How to get a job in the UK media industry?

Actors and actresses are synonymous with waiting tables before they hit the big time.

Well Production Coordinators, Assistants, Runners and Production Managers serve in Pret, offer customers services in Zara and Holland & Barretts before they take their media break!

I speak to at least 50 people a week from foreign countries, some highly skilled, others entry level who share their stories of engaging in the media industry and they often have a lot of similarities.

“No one ever gets back to me when I send over my CV”

“Interviewees also state my lack of skills as the reason I didn’t get the job”

“I apparently have too much energy and they believe I’d get bored working in their environment”

I experienced the above a lot at the early stages of my career and I have cultivated a set of tools to maximise my success and I’d like to share them with you:

Passion jobs

Only engage with companies that offer you projects and programs that are in alignment with what excites you. A TV show, director, or genre this will ensure your energy and enthusiasm comes across authentic. People often just think in terms of I need that break - sure - but think in abundance and that break can come served in something that truly interests you.

Do your homework

Once you have worked out the above make a list of companies and projects that you want to engage with. On a spreadsheet add the company, contact for HR, current production and a column for notes. Once you have outlined the above begin your targeted research about each one and add this to your spreadsheet...

-company history

-company culture

-company house (check finances)

-upcoming projects

-job post that are open

-any closed job posts (this is super important)

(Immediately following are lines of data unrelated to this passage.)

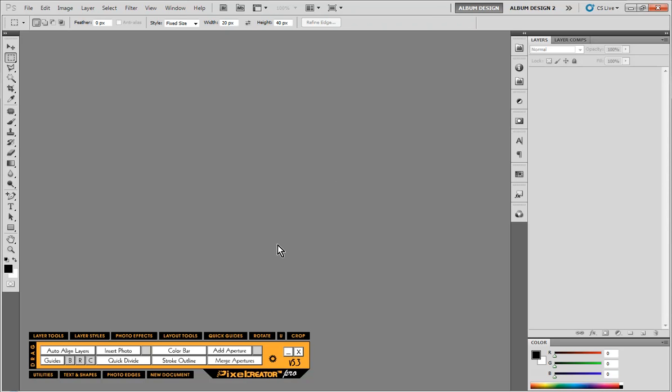In this video we are going to take a look at creating a layout for a Facebook cover image.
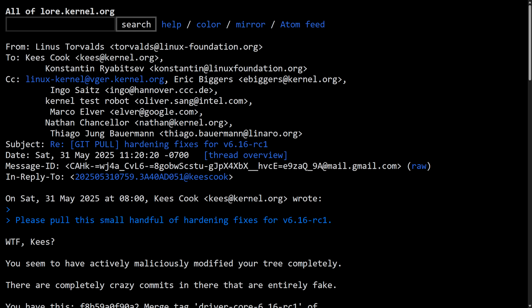Today we have a big one as Linus Torvalds accuses a maintainer of malicious behavior. A trusted Linux developer submitted a pull request with falsified commit metadata, prompting Linus to accuse him of malicious activity and an account suspension. Let's start reading about where it all began.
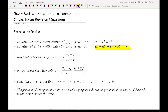The midpoint between two points is another formula you need to know: add the two x-ordinates and divide by 2, and add the two y-ordinates and divide by 2. This is particularly handy if you are working out the equation of a perpendicular bisector on the further maths syllabus.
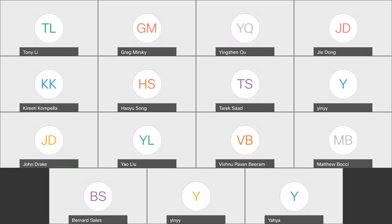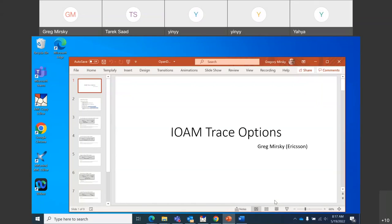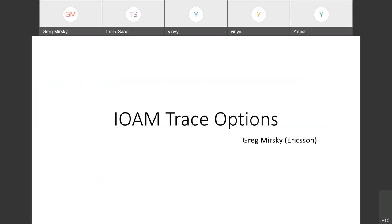Okay, we are recording now and Greg, you're up for the IOAM trace options. I think I stopped sharing so you go ahead. Do you see the slide? Yes, let me make it larger. Okay, this is great.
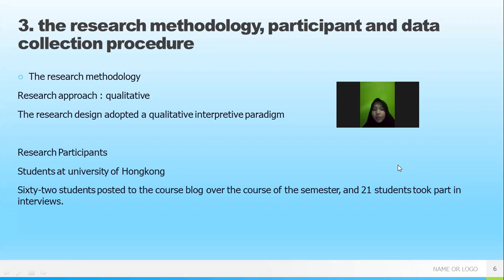The researchers also used interviews to collect the data, with students at the University of Hong Kong participating in this study.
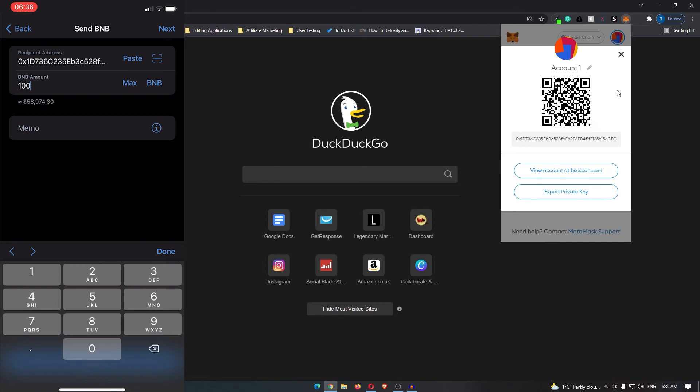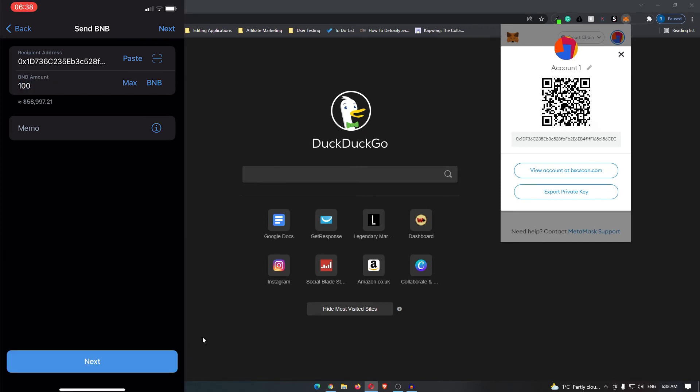I can type in the BNB amount that I want to send. Once this is done, leave the memo blank.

-check if they have international branches (especially in any languages you speak, this will help with more conversation points to raise below!)

Meet for ‘hot beverage’

Next stage- of all the companies above that have job openings that interest you call the hiring manager/HR and ask questions about the company, the role and lead them to a coffee/hot tea meeting.

If they say yes - you will be hugely prepped from your research. Equipped to boss your interview and at the beginning of a media relationship with the individual and other potential people in the office

If they say they can’t’- ensure to get as much information about the company and role and the decision makers full name and email address, so you can send your CV personally. If they don’t get back to you in the time frame agreed, you already had a conversation with them - so a follow up would seem natural and a good indicator of whether you will get to the next stage or not.

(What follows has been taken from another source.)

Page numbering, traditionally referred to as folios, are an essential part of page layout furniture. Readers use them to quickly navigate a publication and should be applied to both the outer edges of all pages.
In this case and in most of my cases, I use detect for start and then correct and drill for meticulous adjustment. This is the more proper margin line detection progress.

Of all the companies that don’t have current job openings call the hiring manager/HR and ask questions about the company, the role and lead them to a coffee/hot tea meeting. Discuss past roles and find out what projects they have in the pipeline (companies are always looking for new talent don’t be shy to say how great you are!) This a good relaxed way to build media relationships with decision makers for future roles.

If they say yes - you will be able to navigate the company environment in a relaxed way. Your energy won’t scream I NEED THAT ROLE so you will engage and network naturally. Send them your CV and keep in touch for when job roles come up as this will make it easier for you to pick up the phone.

If they say no - ensure to get as much information about the company and the types of role they want. Ensure to get the decision makers full name and email address so you can send your CV personally. You can decide to touch base with a follow up call when a job role is available.

So in a nutshell:

Choose companies that produce programs/projects that you enjoy

Research research research

Call companies direct and speak to decision makers

Request a meeting for coffee / hot tea

This will ultimately:

Qualify companies, the roles they look for and company cultures before you get to the CV /Interview stage

Give you confidence when speaking to decisions makers and when you get that interview you will also be well prepared (check out this article here for why this is super important)

Your second language is an advantage and could work in your favour as productions become more global

Building lasting relationships - this is super key and important in any industry

The above has been tried and tested not only by me but many of my students who are now in media roles they want to be in and armed with the tools to replicate and build relationships and ultimately Boss Their Lives!